The Defence of Insanity in Tasmania
A person is not guilty of a criminal offence if they were suffering from a mental illness which meant they were unable to understand what they were doing or were unable to understand that they ought not to do it. The defence of insanity in Tasmania has been codified in sections 15 and 16 of the Criminal Code Act 1924. This article outlines the defence of insanity in Tasmania.
Section 15 of the Criminal Code Act states that every person is presumed to be of sound mind until the contrary is proved. This means that it is not necessary for the prosecution to prove that an accused person is of sound mind in a trial where this is not at issue, or where evidence to the contrary has not displaced this presumption. The defence bears the burden of proving that the accused is not guilty because of insanity.
Under section 16, a person is not responsible for an act or omission made at a time:
- They were suffering from a mental disease to such an extent they could not understand the nature of the physical act or omission or could not understand that they ought not do it; or
- When the act or omission was done under an impulse that they could not resist because of a mental disease.
Unable to understand the nature of the act
A person is unable to understand the nature of a physical act if they do not understand the act and its consequences. Examples of this are where a person strikes another person without being aware that they are causing pain or injury, or where a person attacks another person, thinking that they are restraining an animal.
Unable to understand that they ought not to do the act
A person is unable to understand that they ought not to do an act if a disease of the mind is preventing them from thinking rationally about whether something is right or wrong. If a person’s mind is disordered by a mental illness and they cannot think sensibly, they cannot know that their conduct is wrong by the standards of a reasonable person.
An impulse they could not resist
This limb of the insanity defence involves a situation where the accused’s volition is impaired by their mental illness so that they have no power to resist impulses.
What is a mental disease?
The concept of ‘mental disease’ is legal rather than medical. It is for the jury to determine whether the accused was suffering from a condition that amounted to a mental disease according to the legal definition of that term.

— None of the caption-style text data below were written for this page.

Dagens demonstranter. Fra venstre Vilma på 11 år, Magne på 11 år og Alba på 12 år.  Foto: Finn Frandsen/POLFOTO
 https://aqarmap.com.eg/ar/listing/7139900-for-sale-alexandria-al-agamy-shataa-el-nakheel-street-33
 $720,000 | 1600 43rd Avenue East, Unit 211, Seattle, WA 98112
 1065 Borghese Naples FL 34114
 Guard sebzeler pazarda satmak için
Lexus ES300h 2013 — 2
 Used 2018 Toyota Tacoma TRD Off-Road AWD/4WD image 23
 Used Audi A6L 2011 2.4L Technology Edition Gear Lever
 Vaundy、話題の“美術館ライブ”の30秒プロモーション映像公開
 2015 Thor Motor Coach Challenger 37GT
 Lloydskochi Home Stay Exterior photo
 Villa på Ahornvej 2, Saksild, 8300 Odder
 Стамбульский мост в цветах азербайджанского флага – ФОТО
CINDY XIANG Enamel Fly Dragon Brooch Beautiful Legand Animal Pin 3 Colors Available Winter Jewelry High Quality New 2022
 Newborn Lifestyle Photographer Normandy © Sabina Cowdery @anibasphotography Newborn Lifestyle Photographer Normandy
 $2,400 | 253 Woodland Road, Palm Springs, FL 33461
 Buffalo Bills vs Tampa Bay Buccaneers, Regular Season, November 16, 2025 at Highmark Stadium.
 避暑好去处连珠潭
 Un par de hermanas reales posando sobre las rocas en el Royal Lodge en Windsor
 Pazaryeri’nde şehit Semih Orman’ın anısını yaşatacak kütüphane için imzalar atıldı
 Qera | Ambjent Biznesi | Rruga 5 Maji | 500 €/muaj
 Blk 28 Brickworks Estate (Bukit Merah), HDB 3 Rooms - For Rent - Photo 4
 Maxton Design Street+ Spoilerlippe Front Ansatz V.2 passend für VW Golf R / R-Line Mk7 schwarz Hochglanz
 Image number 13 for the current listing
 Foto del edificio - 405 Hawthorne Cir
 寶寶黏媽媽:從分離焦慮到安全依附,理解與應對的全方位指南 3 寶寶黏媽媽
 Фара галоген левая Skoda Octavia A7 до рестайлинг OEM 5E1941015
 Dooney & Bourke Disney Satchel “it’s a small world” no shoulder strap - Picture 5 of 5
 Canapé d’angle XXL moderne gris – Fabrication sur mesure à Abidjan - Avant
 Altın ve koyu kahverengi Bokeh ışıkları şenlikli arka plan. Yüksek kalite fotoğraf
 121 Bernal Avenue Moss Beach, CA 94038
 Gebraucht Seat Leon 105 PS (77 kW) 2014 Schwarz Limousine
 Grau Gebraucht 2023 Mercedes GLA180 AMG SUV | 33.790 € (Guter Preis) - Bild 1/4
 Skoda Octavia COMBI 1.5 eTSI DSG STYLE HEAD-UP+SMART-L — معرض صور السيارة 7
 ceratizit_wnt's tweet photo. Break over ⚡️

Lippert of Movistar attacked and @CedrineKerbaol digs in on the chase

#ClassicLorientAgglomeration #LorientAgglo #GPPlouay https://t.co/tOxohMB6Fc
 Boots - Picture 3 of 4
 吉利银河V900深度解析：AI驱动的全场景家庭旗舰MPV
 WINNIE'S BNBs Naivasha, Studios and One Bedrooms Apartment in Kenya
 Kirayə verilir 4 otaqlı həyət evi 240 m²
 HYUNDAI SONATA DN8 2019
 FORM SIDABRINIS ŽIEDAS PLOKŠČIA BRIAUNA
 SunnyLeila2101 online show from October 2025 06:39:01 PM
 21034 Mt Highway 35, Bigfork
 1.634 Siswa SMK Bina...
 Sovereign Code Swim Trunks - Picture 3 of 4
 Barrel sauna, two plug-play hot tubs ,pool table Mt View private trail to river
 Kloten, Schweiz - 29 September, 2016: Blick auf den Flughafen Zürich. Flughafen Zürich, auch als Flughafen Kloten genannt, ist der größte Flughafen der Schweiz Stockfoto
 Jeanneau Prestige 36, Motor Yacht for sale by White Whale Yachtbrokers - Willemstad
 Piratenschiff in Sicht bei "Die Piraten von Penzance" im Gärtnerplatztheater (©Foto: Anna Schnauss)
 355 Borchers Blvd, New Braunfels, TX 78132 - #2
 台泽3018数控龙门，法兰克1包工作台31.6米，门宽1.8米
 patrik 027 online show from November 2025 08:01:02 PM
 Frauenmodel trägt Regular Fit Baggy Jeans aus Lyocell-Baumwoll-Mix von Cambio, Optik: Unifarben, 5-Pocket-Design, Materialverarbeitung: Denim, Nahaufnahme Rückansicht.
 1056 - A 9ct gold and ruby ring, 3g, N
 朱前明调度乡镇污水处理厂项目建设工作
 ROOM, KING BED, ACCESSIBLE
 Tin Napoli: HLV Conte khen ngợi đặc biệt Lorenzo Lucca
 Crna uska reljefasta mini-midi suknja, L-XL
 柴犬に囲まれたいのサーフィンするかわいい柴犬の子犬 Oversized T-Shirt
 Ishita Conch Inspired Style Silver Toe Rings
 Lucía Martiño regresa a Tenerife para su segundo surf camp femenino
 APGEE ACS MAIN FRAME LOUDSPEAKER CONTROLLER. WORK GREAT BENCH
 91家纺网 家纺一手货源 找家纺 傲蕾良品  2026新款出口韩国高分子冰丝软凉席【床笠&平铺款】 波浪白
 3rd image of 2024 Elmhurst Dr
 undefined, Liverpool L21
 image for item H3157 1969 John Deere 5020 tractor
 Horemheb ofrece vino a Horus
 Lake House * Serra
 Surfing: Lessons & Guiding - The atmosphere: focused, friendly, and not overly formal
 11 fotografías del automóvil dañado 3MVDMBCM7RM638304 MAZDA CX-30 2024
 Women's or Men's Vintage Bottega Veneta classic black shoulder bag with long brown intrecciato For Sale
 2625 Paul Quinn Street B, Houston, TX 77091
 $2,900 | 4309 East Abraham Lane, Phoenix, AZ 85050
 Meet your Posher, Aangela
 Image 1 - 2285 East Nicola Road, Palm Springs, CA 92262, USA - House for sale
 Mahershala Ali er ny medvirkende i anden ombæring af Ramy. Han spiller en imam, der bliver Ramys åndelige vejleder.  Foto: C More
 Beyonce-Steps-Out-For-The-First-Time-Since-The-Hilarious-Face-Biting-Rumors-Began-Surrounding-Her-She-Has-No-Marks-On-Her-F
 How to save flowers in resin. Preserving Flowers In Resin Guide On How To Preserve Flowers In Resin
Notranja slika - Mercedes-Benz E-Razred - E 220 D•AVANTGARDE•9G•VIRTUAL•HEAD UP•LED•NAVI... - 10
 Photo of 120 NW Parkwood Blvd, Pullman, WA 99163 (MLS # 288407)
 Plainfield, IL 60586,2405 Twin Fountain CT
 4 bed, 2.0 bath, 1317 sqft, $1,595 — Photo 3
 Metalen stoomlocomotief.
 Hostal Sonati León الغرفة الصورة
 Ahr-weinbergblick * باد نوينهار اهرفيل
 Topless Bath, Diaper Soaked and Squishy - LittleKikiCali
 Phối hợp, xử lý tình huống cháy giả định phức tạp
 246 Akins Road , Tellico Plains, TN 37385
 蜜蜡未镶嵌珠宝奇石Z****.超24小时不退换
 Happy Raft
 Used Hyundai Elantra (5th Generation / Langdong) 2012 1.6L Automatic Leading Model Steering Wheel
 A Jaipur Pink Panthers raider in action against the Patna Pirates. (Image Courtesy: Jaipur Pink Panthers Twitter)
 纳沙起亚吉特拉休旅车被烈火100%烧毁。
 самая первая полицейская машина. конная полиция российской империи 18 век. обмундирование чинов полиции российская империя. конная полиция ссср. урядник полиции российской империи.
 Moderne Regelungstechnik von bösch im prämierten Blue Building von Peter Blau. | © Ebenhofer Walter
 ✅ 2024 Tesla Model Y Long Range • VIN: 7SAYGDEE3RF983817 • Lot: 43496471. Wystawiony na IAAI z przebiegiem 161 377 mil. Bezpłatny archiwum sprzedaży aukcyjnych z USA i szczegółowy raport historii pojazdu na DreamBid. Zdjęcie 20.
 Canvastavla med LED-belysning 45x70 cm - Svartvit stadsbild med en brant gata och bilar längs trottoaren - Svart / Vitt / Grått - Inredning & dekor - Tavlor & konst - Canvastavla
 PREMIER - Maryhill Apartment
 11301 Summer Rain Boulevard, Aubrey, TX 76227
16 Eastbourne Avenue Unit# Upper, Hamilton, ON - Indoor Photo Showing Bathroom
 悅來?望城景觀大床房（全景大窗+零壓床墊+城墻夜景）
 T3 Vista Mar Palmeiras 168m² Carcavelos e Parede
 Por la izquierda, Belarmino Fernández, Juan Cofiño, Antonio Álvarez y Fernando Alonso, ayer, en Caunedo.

Medical evidence is likely to be crucial to this determination.
The term ‘mental disease’ is not defined in the Criminal Code, but the common law defines a ‘disease of the mind’ as follows:
The expression ‘disease of the mind’ is synonymous, in my view, with ‘mental illness’ … The essential notion appears to be that in order to constitute insanity in the eyes of the law, the malfunction of mental faculties called ‘defence of reason’ in the M’Naghten rules, must result from an underlying pathological infirmity of mind, be it of long or short duration and be it permanent or temporary, which can be properly termed mental illness, as distinct from the reaction of a healthy mind to extraordinary external stimuli (King CJ in R v Radford).
Conditions that have been accepted by courts as providing a defence of insanity include schizophrenia, reactive depression, psychomotor epilepsy, and post-traumatic stress disorder. A 2020 Law Form Institute Review of the state’s insanity laws noted that there is uncertainty as to whether personality disorders amount to a mental disease and this will depend on the evidence before the court in each individual case.
M’Naghten and the defence of insanity in Tasmania
Sections 15 and 16 of the Tasmanian Criminal Code are a codification of the rules set out in the 1843 English House of Lords decision of M’Naghten. In that case, medical evidence was adduced that the accused had a delusional belief that the police were persecuting him, on behalf of the Tory party. Evidence was presented during his trial that he was acting under that delusion when he killed a man, believing him to be the Home Secretary, Sir Robert Peel. M’Naghten was acquitted on the basis of insanity and the House of Lords subsequently set out the rules of insanity. The M’Naghten Rules established that there is a presumption that a person is sane and responsible for his crimes unless the contrary is proved.
The House of Lords stated:
To establish a defence on the ground of insanity, it must be clearly proved that, at the time of the committing of the act, the party accused was labouring under such defect of reason, from disease of mind, as not to know the nature and quality of the act he was doing; or, if he did know it, that he did not know what he was doing was wrong.
Persons found not guilty based on the defence of insanity in Tasmania
When a person is found not guilty because of insanity, they must be dealt with under the Criminal Justice (Mental Impairment) Act 1999. Section 21 of that act empowers a court to make a range of orders, including an order that the person be released conditionally or unconditionally.
A person found not guilty of an offence based on the insanity defence in Tasmania may also be placed on a restriction order or a supervision order. A restriction order requires a person to be detained in a secure mental health facility. A supervision order releases the person under the supervision of the Chief Forensic Psychiatrist. These are indefinite orders that can only be revoked by the Supreme Court.